Project Officer: This interview is being conducted for the ‘Making history: the discipline in perspective’ project, and the Project Officer, Danny Millum, will be speaking to Professor Sir Michael Howard about his experience of, and views on, changes in the discipline and academic profession of history.
May we start with your giving us some brief biographical information?
Michael Howard: I was born into a very orthodox upper-middle-class English family; I went to an English public school before I went to Oxford; I served in the army. I was involved in the campaign in Italy from 1943 to 1945, which I suppose gave me my initial interest in military affairs. I then returned to Oxford and got a not very good degree – I was fortunate enough to scrape an assisted lectureship at King’s College, London. There, after five years, the university decided that they wished to start a department or sub-department to be called ‘War Studies’. I was invited to put my name forward to do this, largely I think because I had had military experience and had actually written a book on the history of the operations of the regiment in which I served. This had involved a certain amount of original research and made me familiar with the problems of researching and writing history. But it was made clear that they did not wish to engage me as a military historian in the generally accepted sense. They wanted someone who was interested in the problem of war in a very much more general sense, and I was advised to enlist the co-operation of lawyers, scientists, theologians, economists, and sociologists, in order to create an overall pattern of ‘War studies’.
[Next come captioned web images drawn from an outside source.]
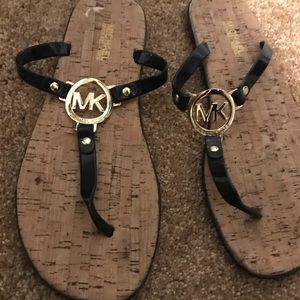 Michael Kor’s size 11 flip flop sandals
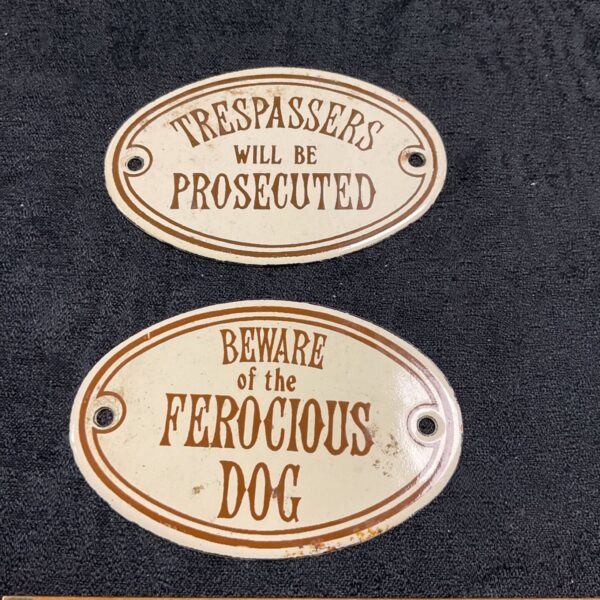 Two enamel gate signs beware of ferocious dog and trespassers will be prosecuted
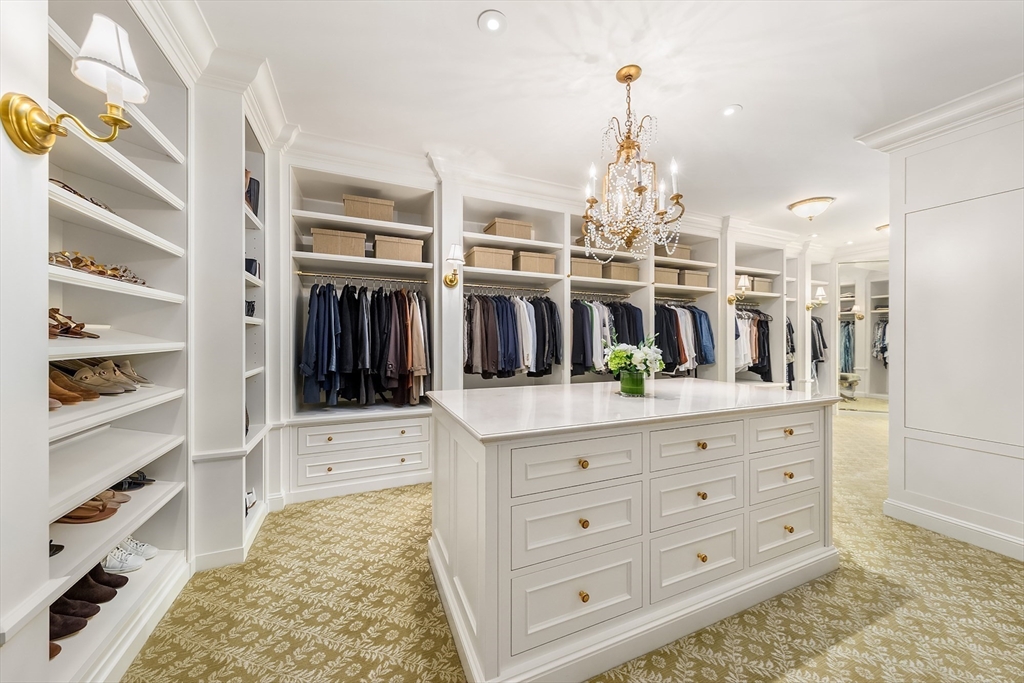 180 Ash Street Weston, MA 02493 - Photo 21 of 39 a room with kitchen island a chandelier and a view of living room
Simultaneously, and I suppose linked with this, there was emerging the subject of ‘War and Society’. Where that originated I’m not quite sure – I suspect it may have been in the United States – but it was obviously a spin-off of the experience of the Second World War, which had made it clear that war was a matter not simply for Generals. Every level of society was involved in it in some way or another; and the experience of conducting and being involved in war generally illuminated our understanding about the way in which society developed as a whole.
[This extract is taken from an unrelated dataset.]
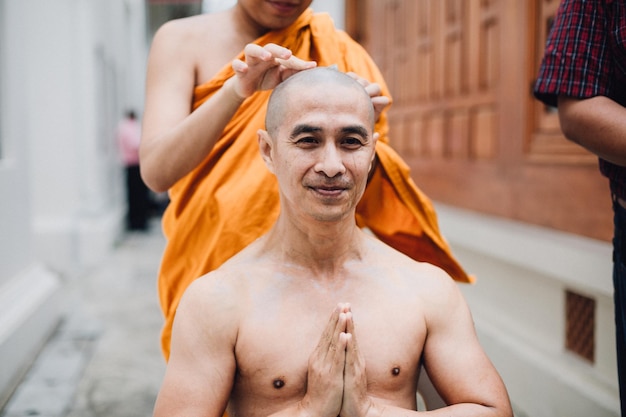 Free Photo closeup image of a handsome asian man is shaving hair by head of man who is ordained in buddhism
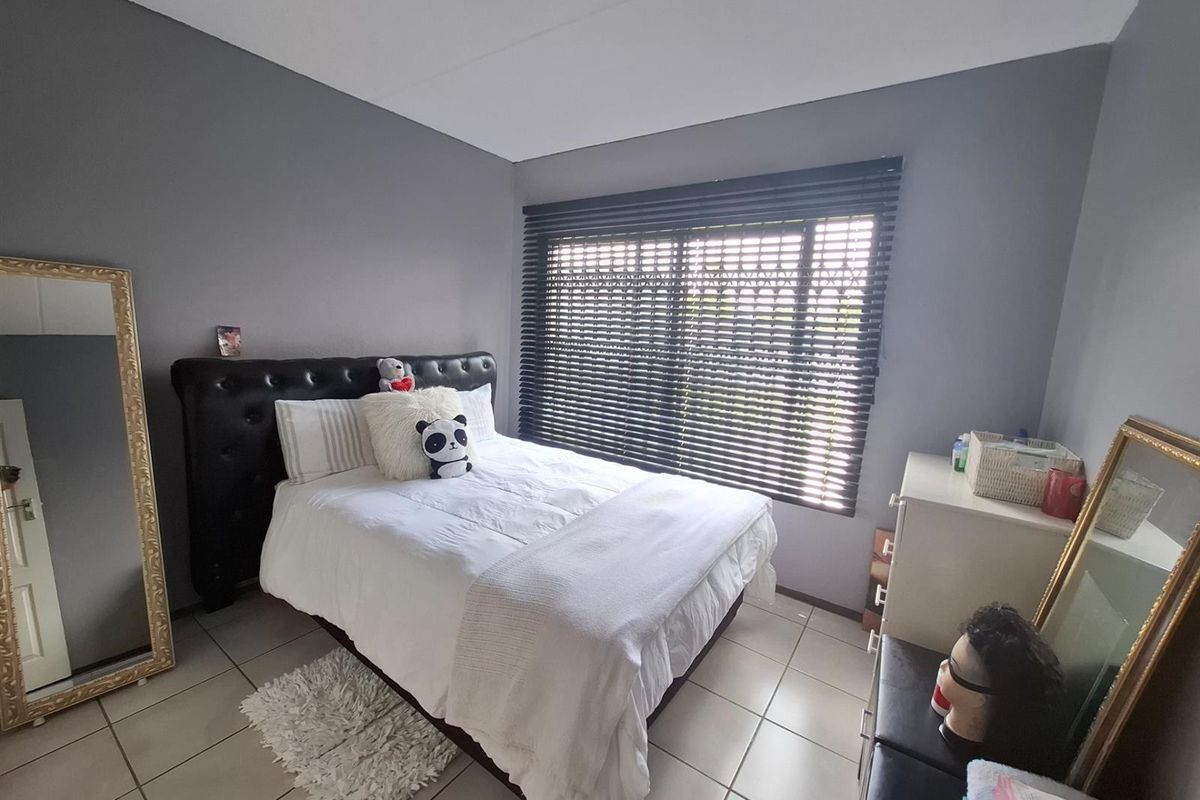 A bedroom featuring tiled flooring, grey painted walls, and dark horizontal window blinds.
At the same time – this is the third leg of the tripod – there was developing an independent subject called ‘Strategic Studies’. This arose from the development of nuclear weapons and the problems it created in thinking about the conduct of war. The Ministry of Defence was headed by an extremely intelligent figure, Dennis Healey, who was anxious to encourage a general understanding of this subject in the British public as a whole – and was enthusiastic about its development within universities.
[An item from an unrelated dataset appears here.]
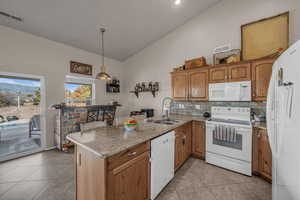 Kitchen with white appliances, a peninsula, vaulted ceiling, wood finish cabinetry, and light stone counters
So, by the time I had established a Department of War Studies at King’s, interest was being sparked in many other places, and a certain amount of seed-corn money was being fed by the Ministry of Defence into universities to persuade them to take the subject seriously.
PO: I’d like to pick up on one of the threads you were talking about there. In your pursuit of the evolution of this new subject, or new subjects, I was wondering if you could name any of your main influences?
MH: The first person I consulted was the then Professor of the History of War at Oxford, Cyril Falls, a retired soldier and a very fine operational historian. He put me in the way of various books, especially Makers of Modern Strategy, edited by Edward Mead Earle. That gave a fascinating introduction to all kinds of aspects of the study of war with which I was totally unfamiliar – including a seminal article about Clausewitz. I realised that Clausewitz was the vital person to study, in the same way that if one wanted to study economics one had better have a look at Adam Smith’s Wealth of Nations or, for philosophy, Kant’s Critique of Pure Reason.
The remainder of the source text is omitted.